探偵の外注業者は完全な実力主義で、優秀な探偵も多い。だけど、実力はあっても集客力が乏しい探偵は、どうしても安く買い叩かれる。そして、そこで生まれる差額は、探偵社の懐にまるっと利益として入る仕組み。なかには、調査員がひとりも在籍しておらず、すべてを外注でまかなっている探偵社すらある。
そして、安い金額で外注して得た調査結果を、いかにも「われわれが、がんばって調査しました」という顔で依頼者に提供している。
つまり、「探偵社」を名乗ってはいるけど、その実態は「いかに依頼をもぎ取るか」だけに全力を注ぐ営業会社みたいなもの。
下請けのさらに、孫請けにまで仕事を流している探偵社も存在する。こうなるともう、完全に〝中抜き商売〟。依頼者のその後の人生がかかっている大事な調査が、最終的には、細切れの情報しか渡されていない人間に任されている……しかもその現場には、ギャラをギリギリまで削られ、疲弊した探偵が立っている。
探偵だって慈善事業じゃないし、営利ビジネスである以上、業務を外注すること自体は何ら問題ない。ただ、「探偵」という仕事の性質を考えれば、やっぱり、この構造は健全じゃないと僕は思う。
ここまで読んでくれたあなたなら、もう理解できるよね。大手探偵社のビジネスモデルのカラクリが。
そう……探偵社というのは、多かれ少なかれ、依頼者からの調査料金を存分に搾取しなければ、どうしたって大手にはなれない構造なんだ。
立派な事務所の家賃も、フカフカの応接用ソファーも、何百万円単位の広告費も、すべて誰かが負担しているという現実がある。

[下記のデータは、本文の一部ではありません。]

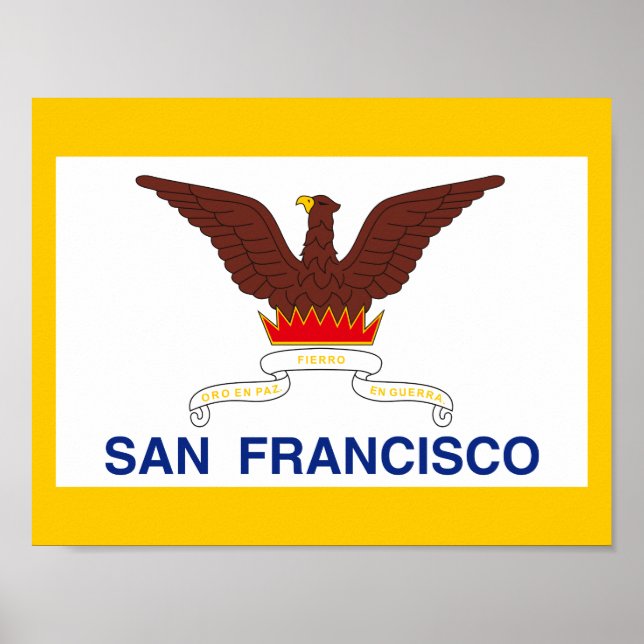 Flagga i San Francisco, Kalifornien Poster (Framsidan)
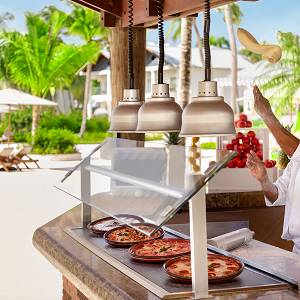 Pizzeria service at Dreams La Romana.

それを負担しているのは、この本を手にしなかった不運な依頼者たち、ということになる。
逆にいえば、依頼者にとって〝良い探偵社〟ほど、大手にはなれない。
価格設定は良心的、調査力もあって、一件一件の調査を誠実にやっている中小規模の探偵社もちゃんとあるんですよ。でも、そんな探偵社の代表を務める友人は、いつも「経営が厳しいw」とヒイヒイ言っている。なんとも、皮肉である。でもこれって〝闇〟というよりも、探偵業というビジネスモデルが必然的に抱える〝歪み〟だよね……。